Los primeros ocupaban los pisos 2 y 3 del penal. Se caracterizaban por la tenencia de bandanas. Del lugar donde se la colocaban dependía la jerarquía dentro del grupo. El último piso era controlado por la “Corte Negra“, conformada por nativos de Barlovento y Guatire, mientras que en el primer nivel estaban los evangélicos.

Las pugnas entre los dos primeros grupos eran constantes y se dirimían hasta con granadas. En una ocasión, los reos de los dos pabellones dominados por “Barrio Chino” se unieron y acabaron con sus rivales. Los que iniciaron la reyerta fueron trasladados a otros internados. Se dice que “Oriente” aprovechó la coyuntura y desde entonces, al grito de “1, 2, 3 Rodeíto“, impone su ley en la prisión.

El “Oriente” negoció un plagio desde la cárcel

El nombre de uno de los pranes de Rodeo II, Yorvis López, apodado “Oriente”, fue mencionado a finales de 2010 durante la investigación del secuestro y homicidio de Gian Carlo Colasante, plagiado en Guarenas el 27 de octubre. Fue asesinado en la autopista Guarenas-Guatire siete días después, cuando se negociaba su liberación.

De las pesquisas hechas por el Cicpc se determinó que “Oriente”, desde la cárcel, llevó a cabo las negociaciones. Por el caso fueron detenidos dos funcionarios de Poliplaza (Larry Pérez Rengifo y Orlando Aponte) y los delincuentes José Fernández, alias “Joseíto”; Kleiderson Luna y Luis Naranjo, “el Burro”.

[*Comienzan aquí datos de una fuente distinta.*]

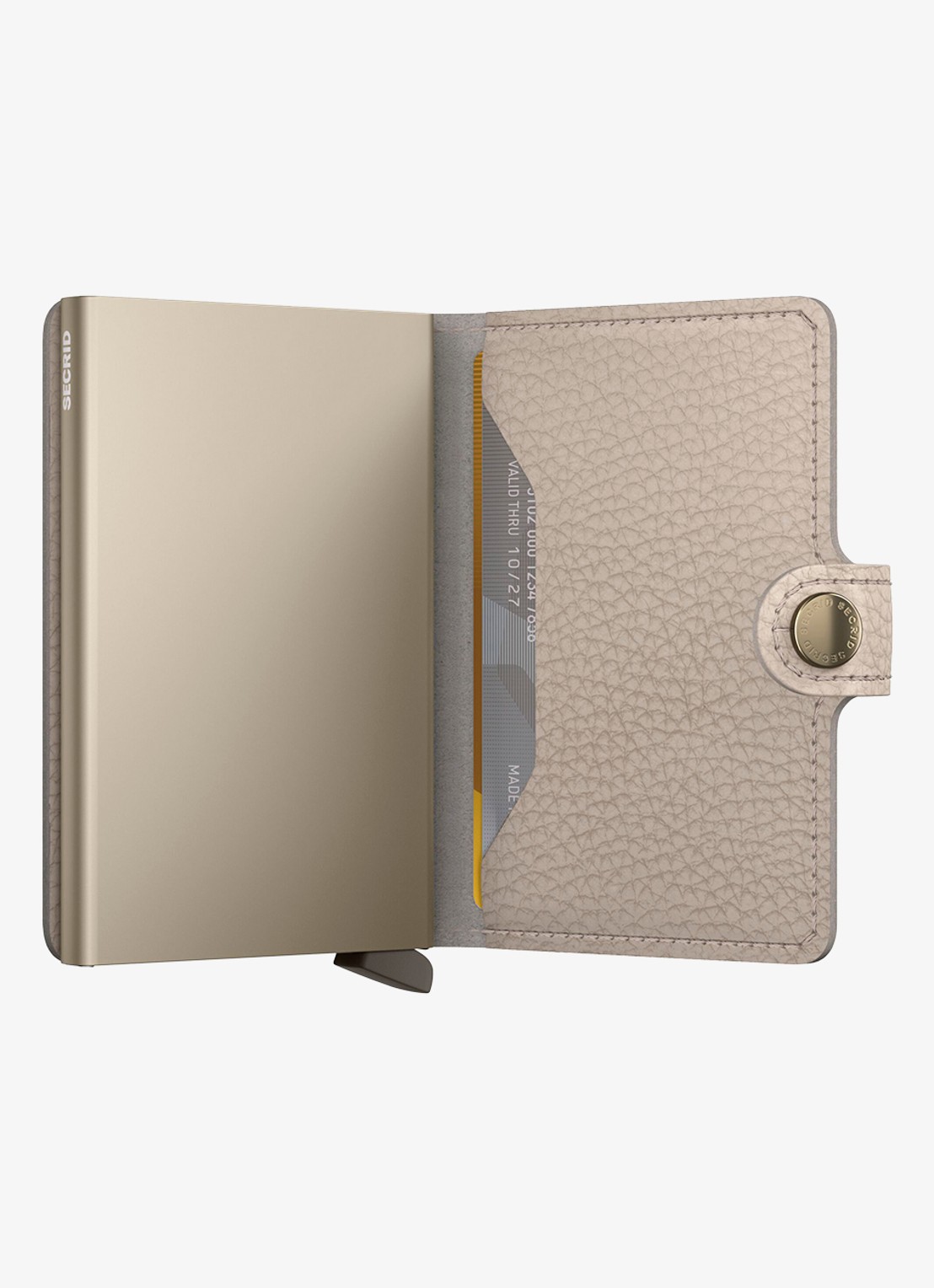 Secrid Miniwallet pasjeshouder van leer - detail 3 taupe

Los tres fueron recluidos en Rodeo II. José y Kleiderson de inmediato gozaron de la protección de “Oriente”, mientras que Naranjo, acusado de delatarlos con el Cicpc, pagó con su vida su deslealtad. A las dos horas de haber ingresado al penal recibió 60 impactos de bala, según se comenta en fuentes policiales. De acuerdo con los presos, José es el tercer pran del Rodeo. Su liderazgo se lo ganó cuando lanzó una granada para matar a otro recluso. De allí que algunos lo llamen “José Granada”. Kleiderman, quien ha sido fotografiado con armas de alta potencia, es reconocido como la mano derecha de “Oriente”.